Asparagus: Spring in a Vegetable



From you have I been absent in the spring,
When proud pied April, dressed in all his trim,
Hath put a spirit of youth in every thing.
Sonnet 98, 1-3, William Shakespeare

Spring does not have the bounty of summer produce, but the foods that are available are full of personality.  In old French cookbooks, they would note that certain recipes needed an “April egg,” because it would be lighter flavor and color than eggs the rest of the year. If there aren’t a lot of insects for the chickens that produce them to eat, you can tell in the egg they produce.  This mindfulness about where food comes from, how it is produced, and how we fit into the amazing ecosystem where we live always makes me pause in wonder.  Community Supported Agriculture shares are a great way to regularly get seasonal produce this year.  I am very excited to start getting our CSA share from Luna Circle Farm!  It’s not too late to sign up for many area CSAs.

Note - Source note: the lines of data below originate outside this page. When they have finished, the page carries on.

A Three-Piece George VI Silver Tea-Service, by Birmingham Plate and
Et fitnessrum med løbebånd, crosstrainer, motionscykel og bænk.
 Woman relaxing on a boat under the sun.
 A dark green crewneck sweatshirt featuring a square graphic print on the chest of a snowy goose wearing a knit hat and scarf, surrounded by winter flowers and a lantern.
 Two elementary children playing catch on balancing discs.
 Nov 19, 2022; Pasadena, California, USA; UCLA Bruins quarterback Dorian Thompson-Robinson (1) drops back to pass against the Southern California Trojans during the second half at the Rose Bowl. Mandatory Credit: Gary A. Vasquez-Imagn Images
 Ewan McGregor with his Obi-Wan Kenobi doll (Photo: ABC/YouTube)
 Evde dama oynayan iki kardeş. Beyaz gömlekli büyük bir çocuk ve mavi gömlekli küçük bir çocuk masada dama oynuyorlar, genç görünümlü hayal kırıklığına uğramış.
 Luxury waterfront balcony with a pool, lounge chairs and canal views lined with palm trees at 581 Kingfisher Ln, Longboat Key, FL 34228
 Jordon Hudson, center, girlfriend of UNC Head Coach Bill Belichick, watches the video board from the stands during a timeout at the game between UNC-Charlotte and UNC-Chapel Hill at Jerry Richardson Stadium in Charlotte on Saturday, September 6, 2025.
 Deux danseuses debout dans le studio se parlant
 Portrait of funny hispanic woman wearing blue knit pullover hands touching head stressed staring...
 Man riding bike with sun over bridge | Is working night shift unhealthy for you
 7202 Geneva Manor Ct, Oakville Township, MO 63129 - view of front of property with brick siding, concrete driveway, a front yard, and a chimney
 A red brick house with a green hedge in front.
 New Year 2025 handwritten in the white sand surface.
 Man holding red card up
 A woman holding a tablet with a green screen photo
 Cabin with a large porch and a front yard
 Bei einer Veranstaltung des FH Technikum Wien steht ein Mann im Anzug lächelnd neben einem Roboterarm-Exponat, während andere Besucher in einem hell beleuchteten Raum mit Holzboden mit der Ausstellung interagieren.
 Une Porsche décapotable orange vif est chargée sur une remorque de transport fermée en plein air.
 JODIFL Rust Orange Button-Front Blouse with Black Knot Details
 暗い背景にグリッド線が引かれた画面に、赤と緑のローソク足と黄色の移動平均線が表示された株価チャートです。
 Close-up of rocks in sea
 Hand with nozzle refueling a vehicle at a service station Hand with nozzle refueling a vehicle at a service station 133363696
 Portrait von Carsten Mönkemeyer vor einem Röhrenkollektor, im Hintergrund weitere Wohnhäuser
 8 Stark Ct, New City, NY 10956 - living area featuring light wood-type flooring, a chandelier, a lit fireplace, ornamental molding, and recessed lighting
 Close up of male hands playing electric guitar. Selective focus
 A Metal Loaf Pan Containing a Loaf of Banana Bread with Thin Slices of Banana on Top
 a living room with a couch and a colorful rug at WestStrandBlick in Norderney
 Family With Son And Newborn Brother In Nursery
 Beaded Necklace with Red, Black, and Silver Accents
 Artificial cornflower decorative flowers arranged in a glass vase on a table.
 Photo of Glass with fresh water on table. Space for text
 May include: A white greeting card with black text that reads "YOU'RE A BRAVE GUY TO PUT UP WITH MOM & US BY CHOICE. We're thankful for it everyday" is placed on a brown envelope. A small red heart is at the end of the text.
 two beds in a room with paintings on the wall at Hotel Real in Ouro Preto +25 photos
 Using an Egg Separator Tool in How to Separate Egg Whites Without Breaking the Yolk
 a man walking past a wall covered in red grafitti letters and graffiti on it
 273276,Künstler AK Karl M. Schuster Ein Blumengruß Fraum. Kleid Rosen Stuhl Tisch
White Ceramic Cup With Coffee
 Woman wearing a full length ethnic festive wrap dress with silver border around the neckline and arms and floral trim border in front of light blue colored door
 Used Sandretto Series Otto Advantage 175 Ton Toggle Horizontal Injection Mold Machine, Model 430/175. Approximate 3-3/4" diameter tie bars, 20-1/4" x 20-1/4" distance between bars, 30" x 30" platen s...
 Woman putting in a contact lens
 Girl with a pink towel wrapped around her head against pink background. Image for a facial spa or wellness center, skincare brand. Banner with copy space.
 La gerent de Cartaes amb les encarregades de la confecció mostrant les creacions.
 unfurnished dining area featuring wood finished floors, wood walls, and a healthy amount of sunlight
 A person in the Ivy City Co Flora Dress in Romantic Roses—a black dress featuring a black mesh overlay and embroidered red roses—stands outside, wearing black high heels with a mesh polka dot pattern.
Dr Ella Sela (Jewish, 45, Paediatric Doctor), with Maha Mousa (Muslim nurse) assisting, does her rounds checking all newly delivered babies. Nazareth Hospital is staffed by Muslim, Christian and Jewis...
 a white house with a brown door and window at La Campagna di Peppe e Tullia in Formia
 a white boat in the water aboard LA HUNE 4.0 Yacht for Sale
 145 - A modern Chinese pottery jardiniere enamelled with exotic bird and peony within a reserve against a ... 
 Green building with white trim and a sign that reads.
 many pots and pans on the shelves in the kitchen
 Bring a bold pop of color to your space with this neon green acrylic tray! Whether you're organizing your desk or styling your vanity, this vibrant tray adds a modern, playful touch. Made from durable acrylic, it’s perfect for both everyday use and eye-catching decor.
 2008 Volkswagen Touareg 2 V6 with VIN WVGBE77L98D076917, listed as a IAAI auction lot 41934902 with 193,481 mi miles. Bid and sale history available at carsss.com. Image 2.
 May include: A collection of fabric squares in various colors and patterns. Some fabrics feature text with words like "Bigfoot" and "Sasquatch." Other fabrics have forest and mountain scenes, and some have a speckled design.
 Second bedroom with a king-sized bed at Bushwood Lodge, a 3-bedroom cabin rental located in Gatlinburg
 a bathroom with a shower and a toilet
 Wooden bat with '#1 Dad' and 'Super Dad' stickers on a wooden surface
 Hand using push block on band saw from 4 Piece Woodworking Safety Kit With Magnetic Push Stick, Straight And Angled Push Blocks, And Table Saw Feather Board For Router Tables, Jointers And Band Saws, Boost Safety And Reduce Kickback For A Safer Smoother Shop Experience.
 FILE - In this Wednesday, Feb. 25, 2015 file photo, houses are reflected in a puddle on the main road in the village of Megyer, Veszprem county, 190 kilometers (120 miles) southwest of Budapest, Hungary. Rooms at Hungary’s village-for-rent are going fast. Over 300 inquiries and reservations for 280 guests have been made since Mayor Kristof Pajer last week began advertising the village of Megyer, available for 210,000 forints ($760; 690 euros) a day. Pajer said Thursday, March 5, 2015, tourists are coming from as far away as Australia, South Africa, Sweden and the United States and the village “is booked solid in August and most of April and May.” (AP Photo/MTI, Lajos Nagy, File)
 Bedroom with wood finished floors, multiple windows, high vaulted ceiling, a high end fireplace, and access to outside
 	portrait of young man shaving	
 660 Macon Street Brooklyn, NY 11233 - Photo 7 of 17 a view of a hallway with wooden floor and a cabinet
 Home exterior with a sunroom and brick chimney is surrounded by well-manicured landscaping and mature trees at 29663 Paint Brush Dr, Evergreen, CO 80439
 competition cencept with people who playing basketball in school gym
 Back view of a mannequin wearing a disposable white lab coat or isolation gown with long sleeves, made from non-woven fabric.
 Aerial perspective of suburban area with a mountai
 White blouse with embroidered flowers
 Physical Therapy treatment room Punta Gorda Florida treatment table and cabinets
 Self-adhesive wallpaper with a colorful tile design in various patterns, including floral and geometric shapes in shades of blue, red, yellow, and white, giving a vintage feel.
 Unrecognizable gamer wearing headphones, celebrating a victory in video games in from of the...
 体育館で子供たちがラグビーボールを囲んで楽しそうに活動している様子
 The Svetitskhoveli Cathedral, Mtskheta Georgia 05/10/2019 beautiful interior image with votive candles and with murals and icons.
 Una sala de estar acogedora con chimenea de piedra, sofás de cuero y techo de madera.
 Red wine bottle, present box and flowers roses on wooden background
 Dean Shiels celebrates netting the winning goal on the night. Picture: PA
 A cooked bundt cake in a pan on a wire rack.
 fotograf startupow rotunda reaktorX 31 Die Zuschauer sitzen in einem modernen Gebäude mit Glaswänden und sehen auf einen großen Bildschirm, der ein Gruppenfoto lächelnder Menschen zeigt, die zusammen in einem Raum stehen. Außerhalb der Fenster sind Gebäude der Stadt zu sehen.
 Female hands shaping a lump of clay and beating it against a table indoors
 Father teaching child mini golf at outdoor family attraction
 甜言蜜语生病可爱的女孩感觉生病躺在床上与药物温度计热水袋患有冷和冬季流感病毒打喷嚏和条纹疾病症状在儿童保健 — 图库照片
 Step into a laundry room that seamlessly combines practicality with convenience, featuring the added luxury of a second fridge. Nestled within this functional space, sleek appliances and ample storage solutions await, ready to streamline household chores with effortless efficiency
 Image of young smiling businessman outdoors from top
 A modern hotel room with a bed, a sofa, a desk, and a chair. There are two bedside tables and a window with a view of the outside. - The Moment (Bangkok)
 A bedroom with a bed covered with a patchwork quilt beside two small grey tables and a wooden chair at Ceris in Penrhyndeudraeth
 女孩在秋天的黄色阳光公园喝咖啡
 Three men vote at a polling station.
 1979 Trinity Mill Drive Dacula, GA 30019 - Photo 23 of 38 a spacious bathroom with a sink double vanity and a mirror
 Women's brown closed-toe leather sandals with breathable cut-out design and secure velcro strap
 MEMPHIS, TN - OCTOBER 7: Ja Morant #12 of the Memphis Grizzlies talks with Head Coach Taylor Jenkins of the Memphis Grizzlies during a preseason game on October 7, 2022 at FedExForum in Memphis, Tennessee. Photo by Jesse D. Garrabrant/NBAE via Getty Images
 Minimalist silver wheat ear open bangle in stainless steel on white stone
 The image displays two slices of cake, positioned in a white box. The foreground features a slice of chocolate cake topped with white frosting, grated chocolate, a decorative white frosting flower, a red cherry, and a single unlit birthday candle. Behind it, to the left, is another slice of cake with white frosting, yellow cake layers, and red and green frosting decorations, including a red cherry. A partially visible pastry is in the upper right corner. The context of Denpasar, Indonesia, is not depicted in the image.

Back to spring foods with personality… Asparagus has a creamy freshness reminiscent of whipped cream immediately after it is picked, and then begins to become stringy and bitter within days (even within hours) after picking.  It is incredibly crisp in the cool beginnings of the season, bringing forth multiple harvests starting mid-April, and dries away as the season heats up by the end of May.  It has a satisfying, saturated crunch.  What better vegetable to showcase the cool, dewy, ephemeral, unprocessed seasonality of spring than asparagus?  When I see asparagus in the store in winter, I die a little bit inside because I know it must have traveled a long way to get to the store and it just won’t have the same texture and flavor it does in its proper season.  If this is the way you’ve tried asparagus in the past, don’t give up!  You’ve seen its worst side!  It is no surprise that many people don’t like the old, processed asparagus they find in the store if they try it off-season.  Additionally, the worst thing you can do to prepare asparagus is to overcook it.  That’s the opposite of the spirit of this vegetable.  A vegetable that is the harbinger of spring should be undercooked, if anything, just like the season from whence it came.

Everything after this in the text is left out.